Our study certainly has limitations. Firstly, the number of patients included is small, especially in the Belgian group, which might be responsible for a non-detected difference in economic outcomes between F and B. Secondly, the patient sample was from hospital patients and they may have more severe disease, resulting in a worse impact on work status.35 Also, in NL all patients from the register were recruited, whereas in F and B consecutive outpatients were included. The latter method might lead to inclusion of patients with more severe disease, but baseline characteristics do not support this. Moreover, patients with more severe disease would have had higher and not lower costs. Thirdly, information on work status, days of sick leave, and income was collected through bimonthly questionnaires and not ascertained by other sources. Fourthly, while we can interpret the multivariate models on days of sick leave and FC in this prospective study as predictive models, the same cannot be done for work disability and (associated) HC costs because the vast majority of work disabled patients had been granted this status before entering the cohort.

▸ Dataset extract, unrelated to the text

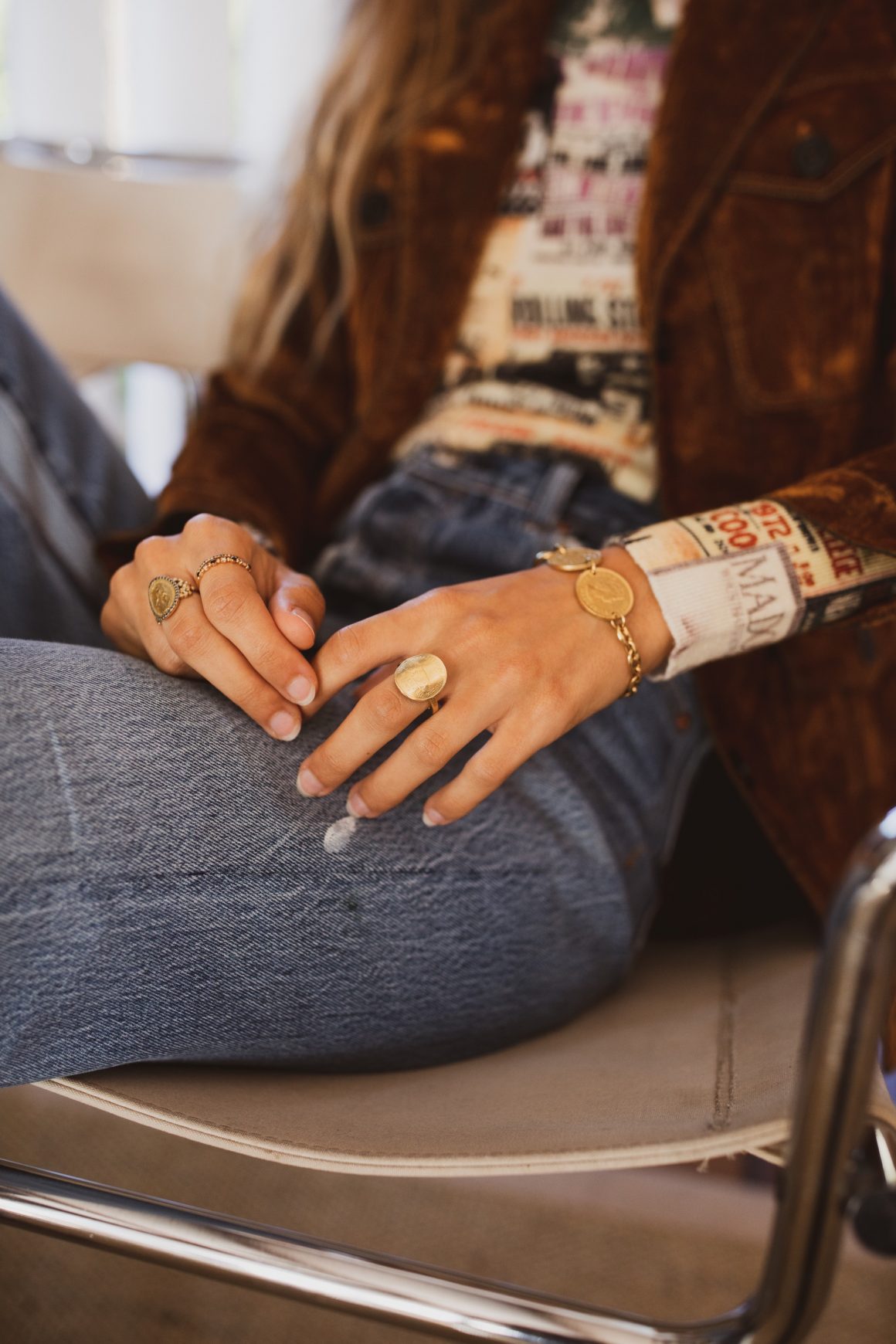 Veste True Royal, pull Printed Artworks, jean RE/DONE et bijoux Tant d'Avenir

There were specific difficulties when comparing data between the different countries. Firstly, there are few epidemiological reports which can be used to find out if cross sectional differences in sociodemographic characteristics and disease characteristics reflect true differences or are a possible consequence of sampling. Secondly, it is difficult to find reference data on educational level, professional class, income, work disability, or sick leave from the national populations in a comparable format, and these data are certainly not up dated yearly. This is important because our figures on work disability and sick leave in AS might partly reflect national differences in work disability and sick leave among the countries studied. In NL work disability and sick leave were higher in AS but also in the general population. However, because population data on sick leave and work disability by age and sex categories were not available for all countries owing to the above mentioned problems, we could not calculate the precise risk difference for patients compared with controls within each country. Also, our results show that the choice of the mean national production value from different (and slightly conflicting) sources alters the productivity costs. Case-control studies would be a solution for some of these problems but are not always feasible. Although some authors studied the effect of country36 or health insurance systems37 on use of health resources in the rheumatic diseases, the influence of country or social security system on work disability and productivity costs has not received much attention. A comparison of the total indirect costs (HC approach) of diseases between NL, Sweden, and America confirms important differences between countries. It was shown that the share of indirect costs to the gross domestic product was 19% in NL (in 1988), 14% in Sweden (in 1983), and 8% in the USA (in 1980).38 Zink reports that in RA as well as in AS, the work disability rates in Eastern and Western Germany before reunification differed significantly. It is considered that differences in the economic prosperity (reflected in unemployment) in both countries is the most likely explanation for the observed difference.39 In addition, we think that differences in organisation of the social security system may provide different incentives or disincentives to leave or stay in the labour force.

CONCLUSION

The impact of AS on labour force participation and productivity costs is influenced not only by sociodemographic and disease characteristics but also by country (or states), reflecting differences in the social security system or economic prosperity, or both. This has important implications for generalisability of health economic analysis across countries.

Acknowledgments

We thank Willy Peeters for providing information on the Belgian healthcare system, Maryse Meziere for providing additional information on the French patients, Esther Huibers and Erik de Klerk for developing the database.